Top of Data shown
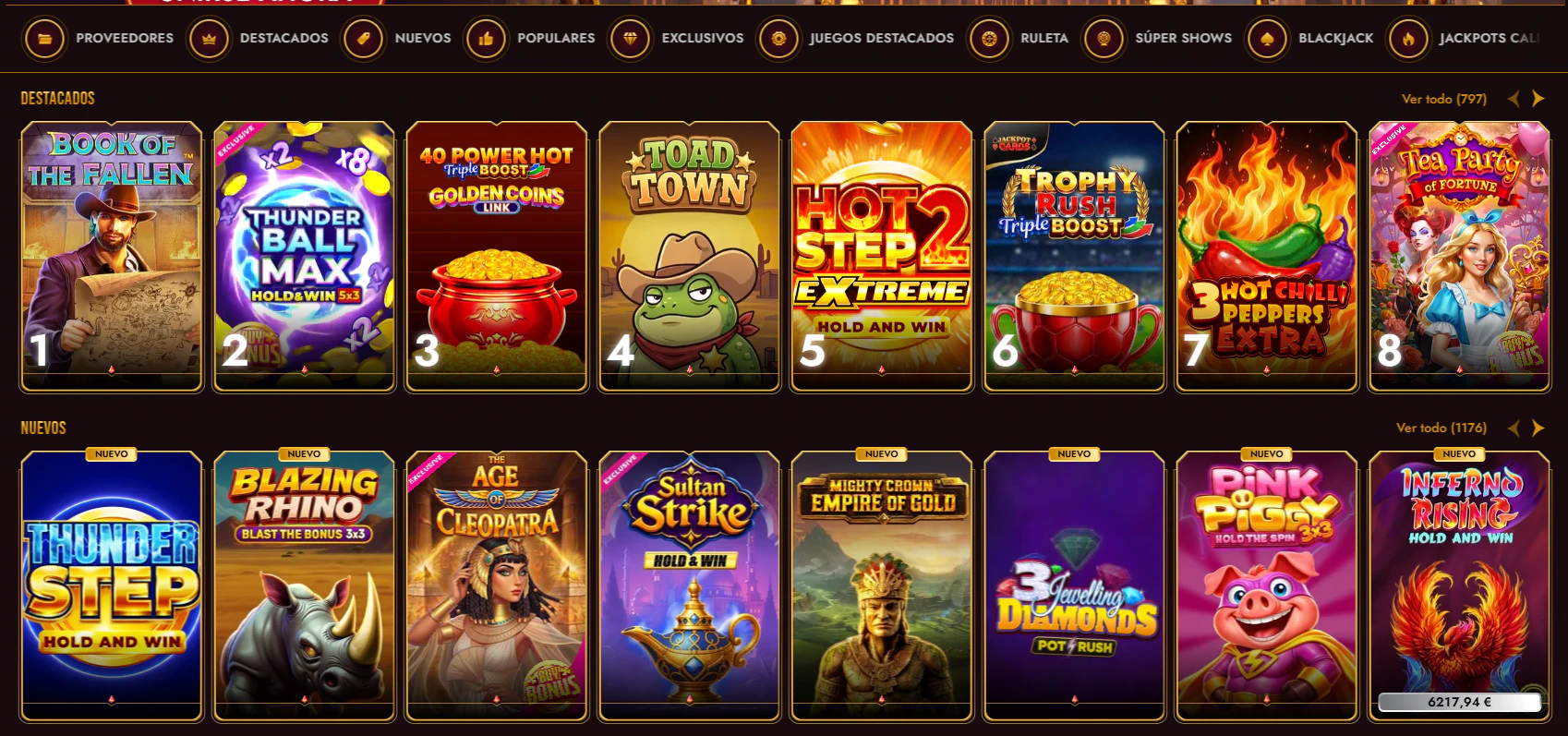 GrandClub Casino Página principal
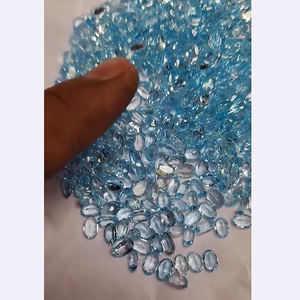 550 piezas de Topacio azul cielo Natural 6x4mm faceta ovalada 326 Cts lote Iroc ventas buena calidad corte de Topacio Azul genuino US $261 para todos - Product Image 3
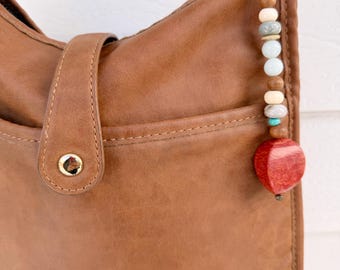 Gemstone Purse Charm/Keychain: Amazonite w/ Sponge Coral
Bottom of Data shown
- [Aim of the task] Transcribe the listing in full. Leave the pictures out.

- [Output]
 GrandClub Casino Página principal
 550 piezas de Topacio azul cielo Natural 6x4mm faceta ovalada 326 Cts lote Iroc ventas buena calidad corte de Topacio Azul genuino US $261 para todos - Product Image 3
 Gemstone Purse Charm/Keychain: Amazonite w/ Sponge Coral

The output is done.